All records must be quoted exactly. Omit the pictures.
=== Section Start ===
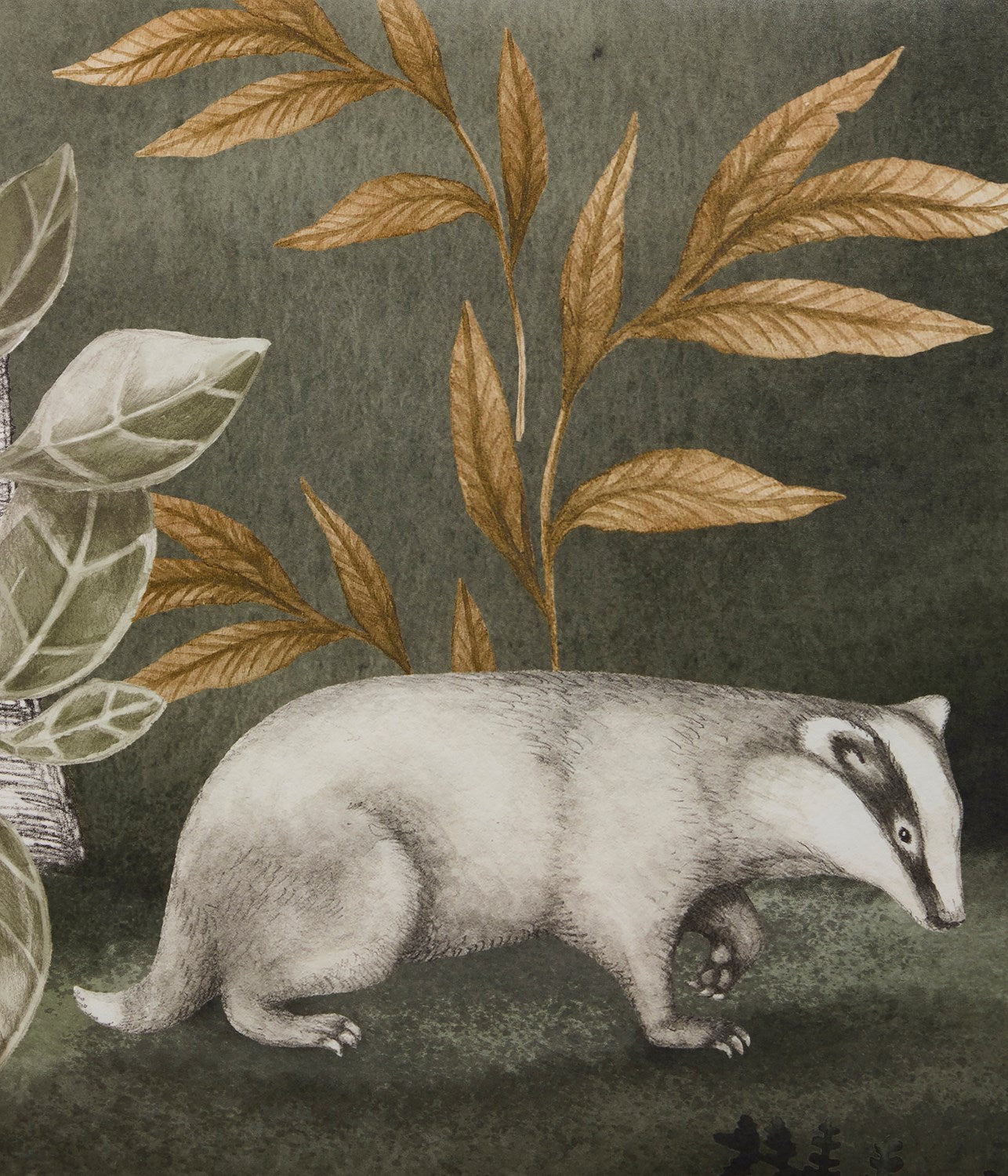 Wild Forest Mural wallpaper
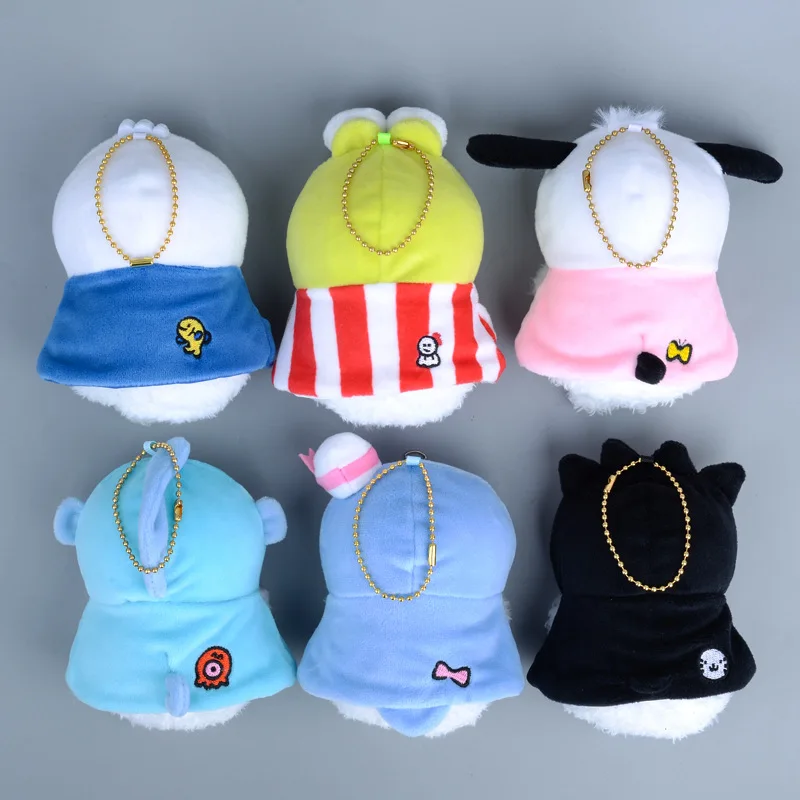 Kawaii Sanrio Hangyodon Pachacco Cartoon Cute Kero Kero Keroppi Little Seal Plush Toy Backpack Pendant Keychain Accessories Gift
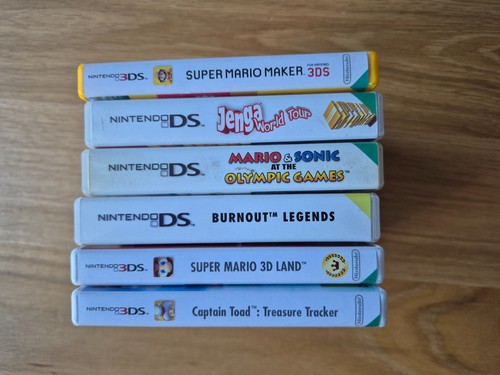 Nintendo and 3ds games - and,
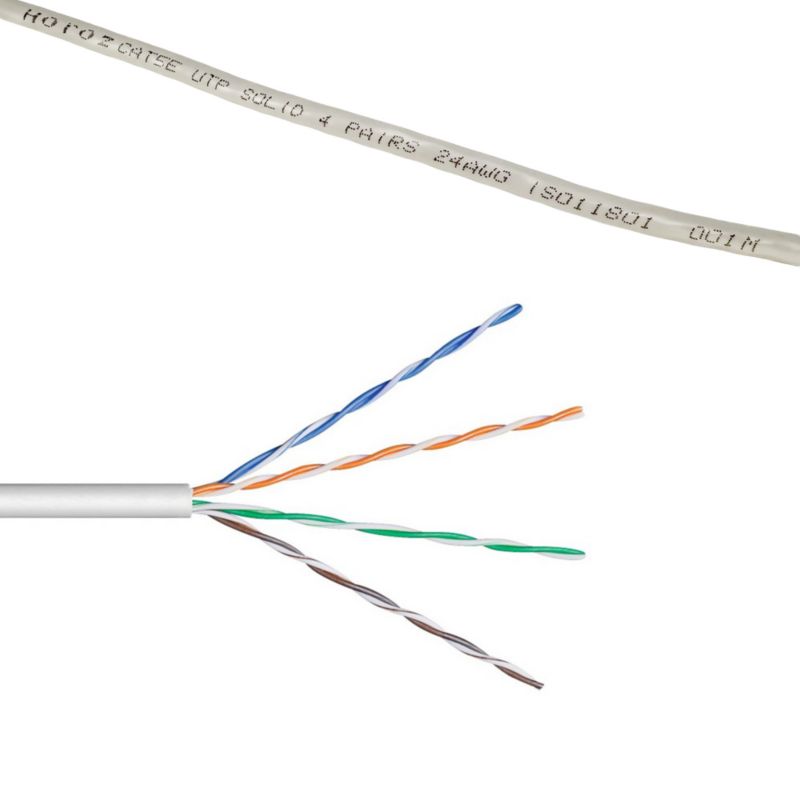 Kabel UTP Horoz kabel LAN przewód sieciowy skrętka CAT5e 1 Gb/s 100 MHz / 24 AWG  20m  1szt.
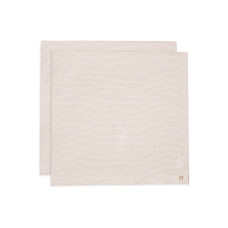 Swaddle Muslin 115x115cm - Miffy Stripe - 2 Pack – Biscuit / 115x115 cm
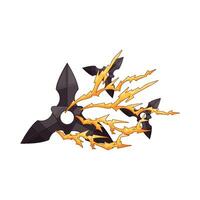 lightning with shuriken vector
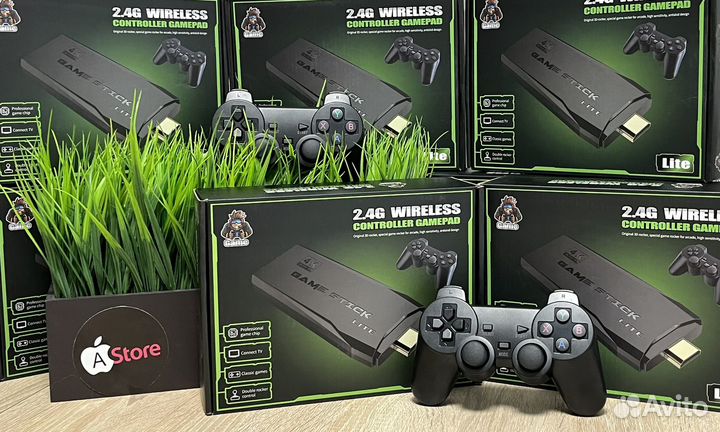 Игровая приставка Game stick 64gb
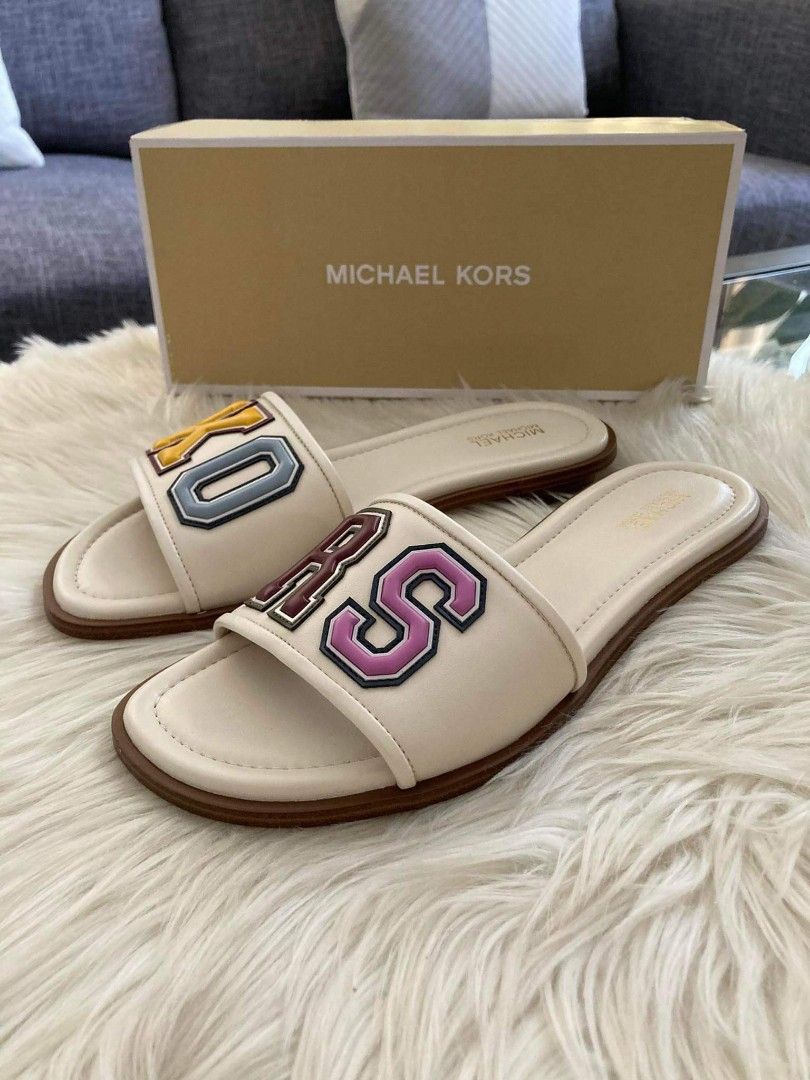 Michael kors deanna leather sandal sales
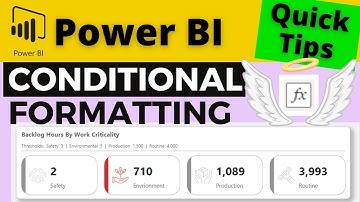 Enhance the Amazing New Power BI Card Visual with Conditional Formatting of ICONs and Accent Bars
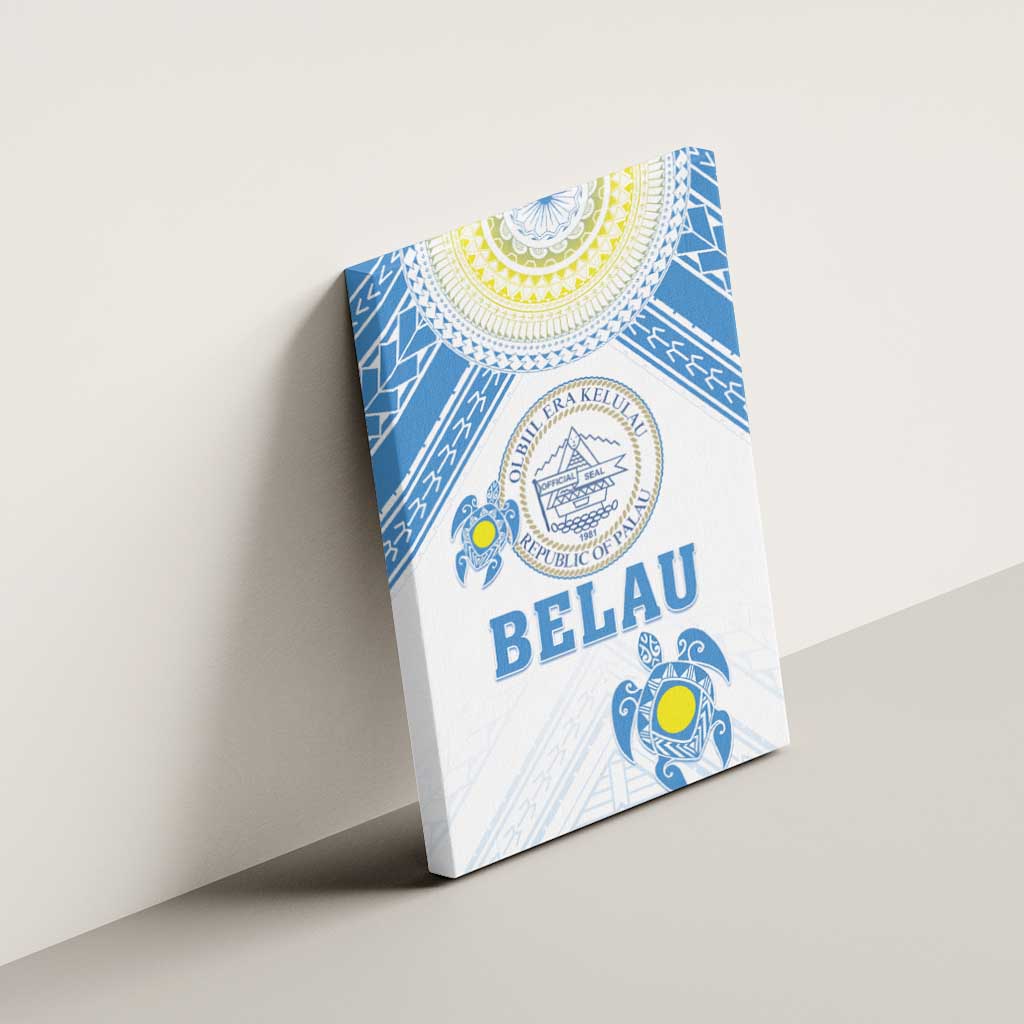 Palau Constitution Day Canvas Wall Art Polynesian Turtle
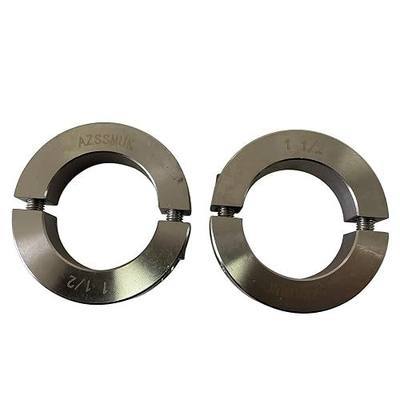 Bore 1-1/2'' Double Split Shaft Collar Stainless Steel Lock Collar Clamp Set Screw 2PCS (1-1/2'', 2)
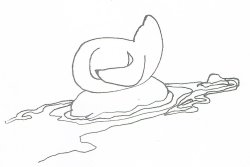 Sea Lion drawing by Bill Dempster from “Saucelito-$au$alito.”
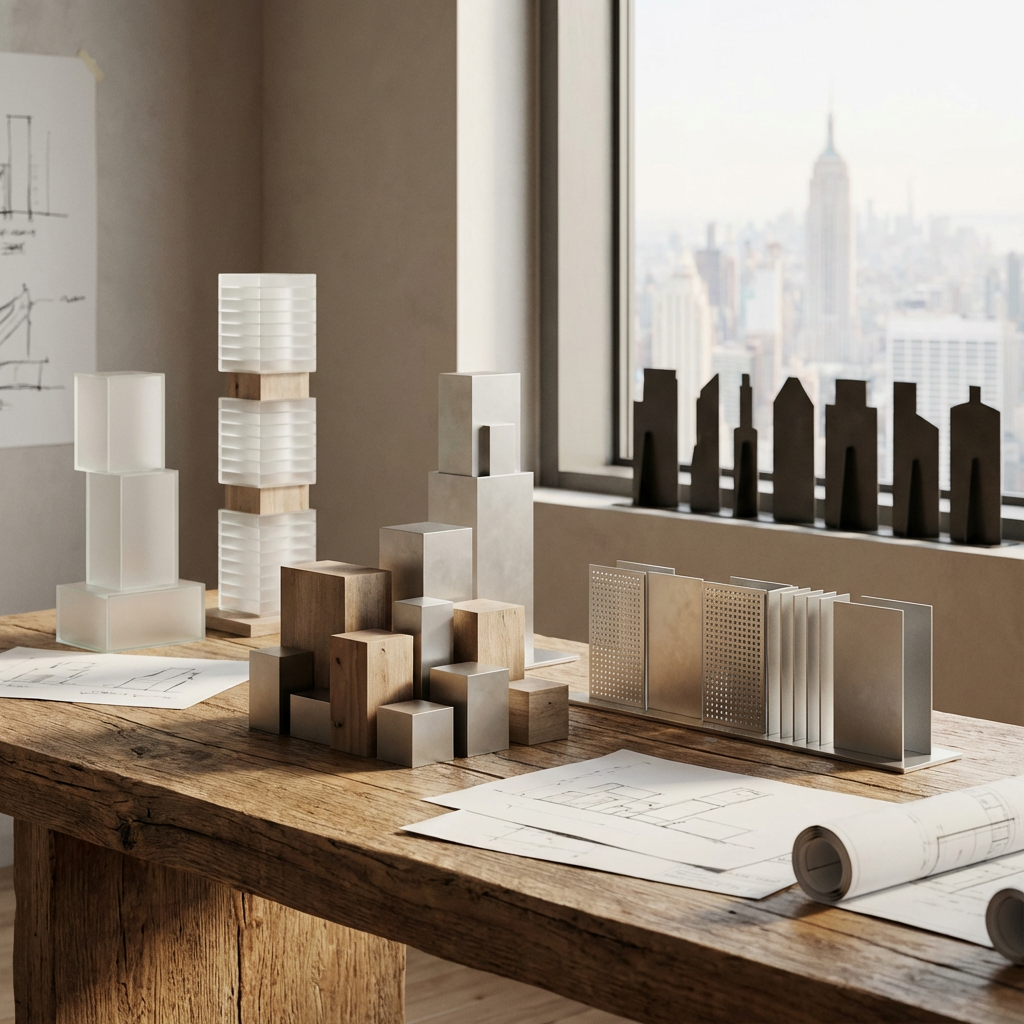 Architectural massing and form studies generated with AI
=== Section End ===
▶ **SOLVED EXERCISE**:
 Wild Forest Mural wallpaper
 Kawaii Sanrio Hangyodon Pachacco Cartoon Cute Kero Kero Keroppi Little Seal Plush Toy Backpack Pendant Keychain Accessories Gift
 Nintendo and 3ds games - and,
 Kabel UTP Horoz kabel LAN przewód sieciowy skrętka CAT5e 1 Gb/s 100 MHz / 24 AWG  20m  1szt.
 Swaddle Muslin 115x115cm - Miffy Stripe - 2 Pack – Biscuit / 115x115 cm
 lightning with shuriken vector
 Игровая приставка Game stick 64gb
 Michael kors deanna leather sandal sales
 Enhance the Amazing New Power BI Card Visual with Conditional Formatting of ICONs and Accent Bars
 Palau Constitution Day Canvas Wall Art Polynesian Turtle
 Bore 1-1/2'' Double Split Shaft Collar Stainless Steel Lock Collar Clamp Set Screw 2PCS (1-1/2'', 2)
 Sea Lion drawing by Bill Dempster from “Saucelito-$au$alito.”
 Architectural massing and form studies generated with AI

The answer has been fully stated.